(Web page caption snippets)
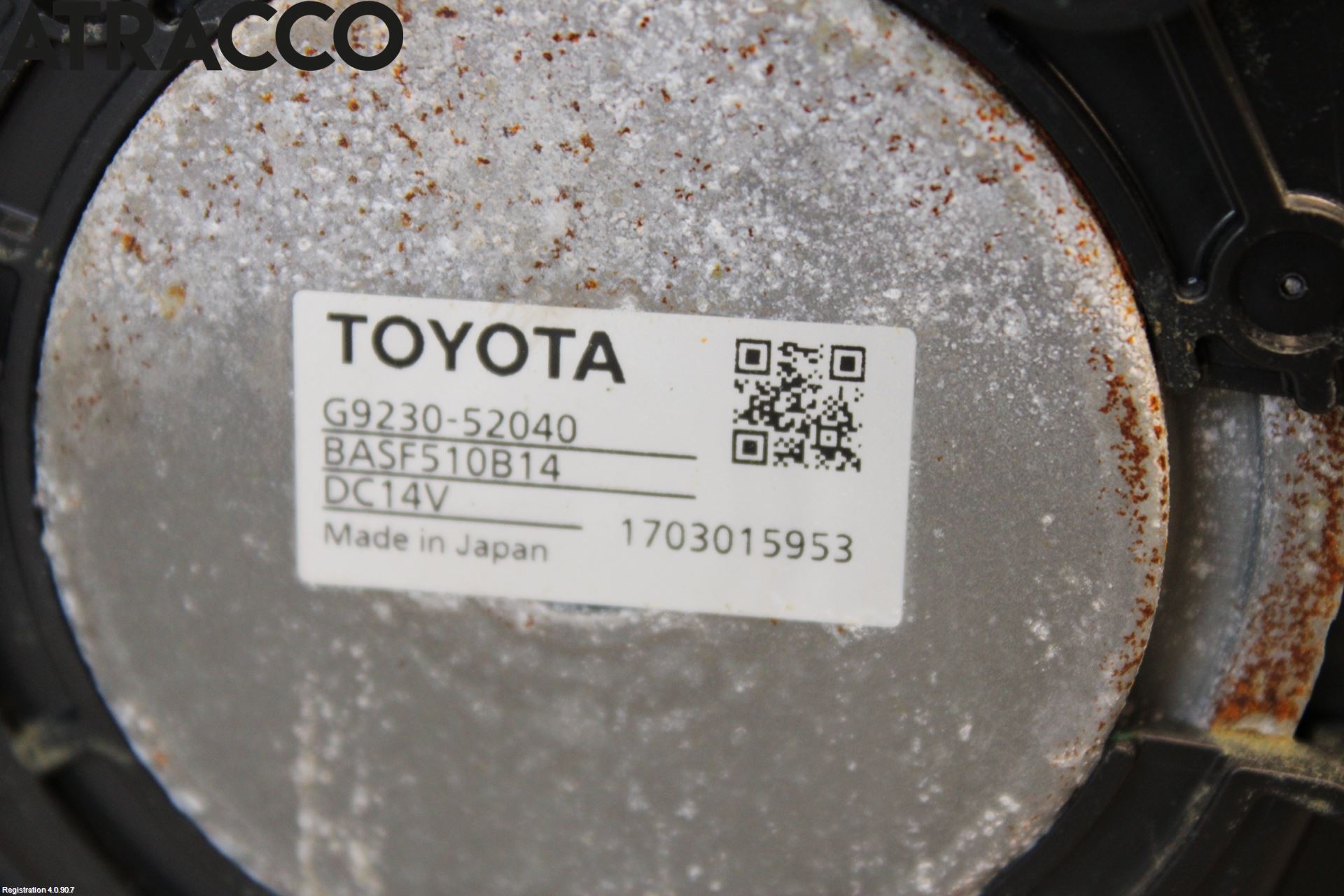 Toyota YARIS XP130 15-20 Kjølevifte Elektrisk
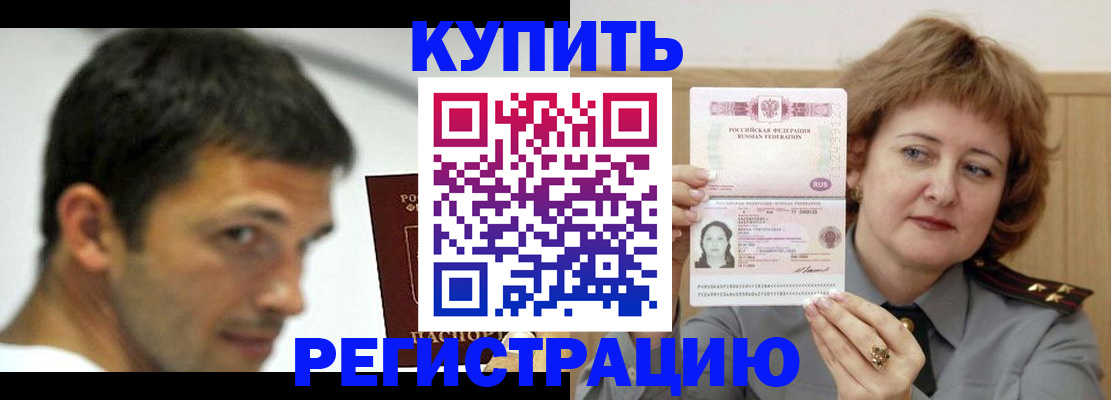 регистрация в Зверево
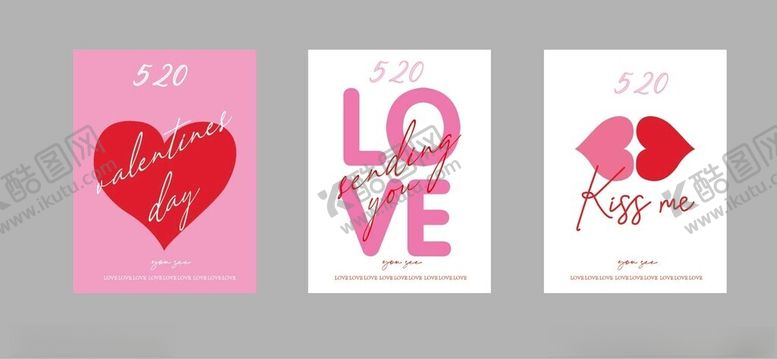 编号：86066904250012439368【酷图网】源文件下载-爱心爱情主题装饰画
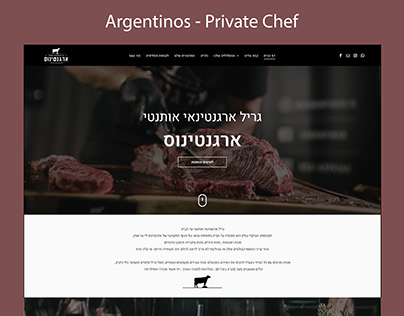 Argentinos-Private Chef
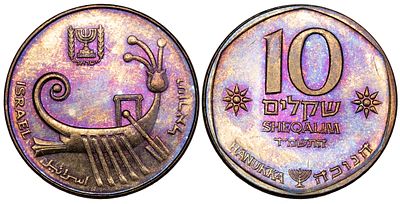 ישראל 10 שקלים 1984 (5744). KM-134; UNC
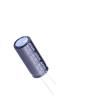 EWH2DM471M40OT Aluminium Electrolytic Capacitors - Radial Leaded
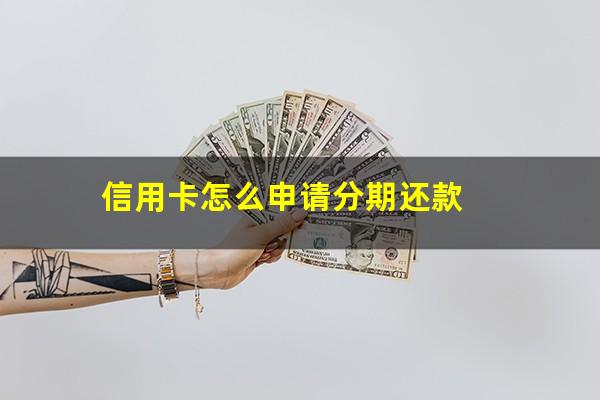 信用卡怎么申请分期还款?工商银行信用卡怎么申请分期还款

Instructions for the task
Reproduce precisely the lines of the entries above, from the one containing "编号：86066904250" through the final one, both ends included, and omit the pictures.

Response area
 编号：86066904250012439368【酷图网】源文件下载-爱心爱情主题装饰画
 Argentinos-Private Chef
 ישראל 10 שקלים 1984 (5744). KM-134; UNC
 EWH2DM471M40OT Aluminium Electrolytic Capacitors - Radial Leaded
 信用卡怎么申请分期还款?工商银行信用卡怎么申请分期还款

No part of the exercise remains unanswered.